Alexey Krasheninnikov (*1976)
Verdammte Tage (2015) (UA) Leseoper für Vorleser, Tenor, Sopran und Kammermusikensemble
Text und Musik von Alexey Krasheninnikov

Alexander Shchetynsky  (*1960)
Interrupted Letter (2013) (UA) Opernphantasie in einem Akt, sieben Episoden für Bariton, Tenor, Sopran und Ensemble
Text und Musik von Alexander Shchetynsky

Wladimir Pantchev (*1948)
Emigranten (2012/13) (UA) Kammermusikspiel in einem Akt für Bariton, Temor und Ensemble
Text nach Motiven des gleichhnamigen Schauspiels von Slawomir Mrozek

In einer Zeit, in der Asylsuchende in Europa in an Konzentrationslager gemahnenden Anlagen inhaftiert sind, in der man es zulässt, dass Flüchtlinge in Booten vor Europas Küsten ertrinken, in der unmenschliche Asylgesetze eher zu Bedrohung als zur Hilfe für Flüchtende werden, realisierte das Ensemble Wiener Collage unter seinem künstlerischen Leiter René Staar den ersten Teil seines großen Projekts "Exil" im Wiener Konzerthaus. Aktueller könnte das Thema wohl kaum sein...

Ursprünglich bereits vor mehr als fünf Jahren als zyklisches Musiktheaterprojekt konzipiert, musste es lange warten, bis die dafür notwendige Unterstützung bei einem Veranstalter und bei Förderern groß genug war, diesem "heissen Eisen" den nötigen Rückhalt zu geben. Ein besonderer Zufall hat auch dazu geführt, dass das Projekt einen Komponisten aus Kiew und einen anderen aus St. Peterburg miteinbezieht und es daher auch  zumindest als Versuch eines versöhnlichen Beitrags des Ensemble Wiener Collage im aktuellen Konflikt zwischen Russland und der Ukraine angesehen werden darf.
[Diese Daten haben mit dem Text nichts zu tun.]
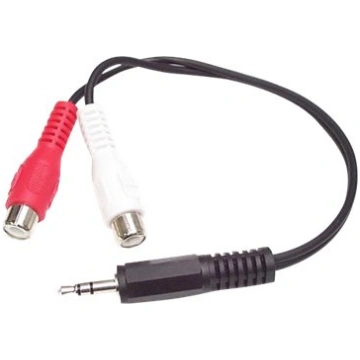 Startech 6in Stereo Audio Y-Cable - 3.5mm Male to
An den vier Einaktern kann man die Vielschichtigkeit der Themen, die sich um Exil, Verbannung und deren Ursachen wie Krieg oder Revolution ranken, erahnen. In seinem "Prolog eines Namenlosen" stösst René Staar das Thema an, indem er seinen Protagonisten in dessen Position als Asylwerber eine Anklage gegen Abschiebung und Abwehr der Asylsuchenden singen lässt. Alexander Shchetynskys "Unterbrochener Brief" liefert Einblicke in das Leben des ukrainischen Nationaldichters Taras Schewtschenko. "Verfluchte Tage" ist der Titel eines Buchs des ersten russischen Nobelpreisträgers Iwan Bunin, in dem er seine Sicht als "Dissident" auf die russische Oktoberrevolution festhält. Diese konfrontiert Alexey Krashenninikov mit Aussagen und Textpassagen von Autoren, die die Revolution hymnisch begrüßt haben. Den letzten Teil des Abends bildet schließlich Waldimir Pantchevs "Emigranten" nach Motiven des gleichnamigen Schauspiels von Slawomir Mrozek. Zwei Männer - ein Intellektueller und ein Arbeiter - müssen sich in der Emigration eine gemeinsame Wohnung teilen. Die daraus entstehende Situationskomödie akzentuiert sowohl Mrozeks Ruf als Satiriker wie Pantchevs balkanische Lebensfreude.

Besetzung:

Jennifer Davison, Mezzo
Alexander Kaimbacher, Tenor
Steven Scheschareg, Bariton
Klemens Sander, Bassbariton
Ivan Shvedoff, Sprecher
René Zisterer, Regie
René Staar, Dirigent
Ensemble Wiener Collage

Über die Kompositionen

René Staar: PROLOG EINES NAMENLOSEN 
Dramatischer Monolog für Bariton und Kammerensemble Op. 22m
Text und Musik von René Staar (2012)

Das Exil, gesehen mit den Augen eines immer wieder zurückgewiesenen Asylwerbers unserer Zeit, anklagend, provozierend. Denn unser Asylwerber ist kein braver, geduldiger Mann.
Ihm sitzen die Widersacher im Genick, gleichermaßen aus seiner Heimat wie aus den Ländern, die scheinbar Humanität und Menschenrechte predigen.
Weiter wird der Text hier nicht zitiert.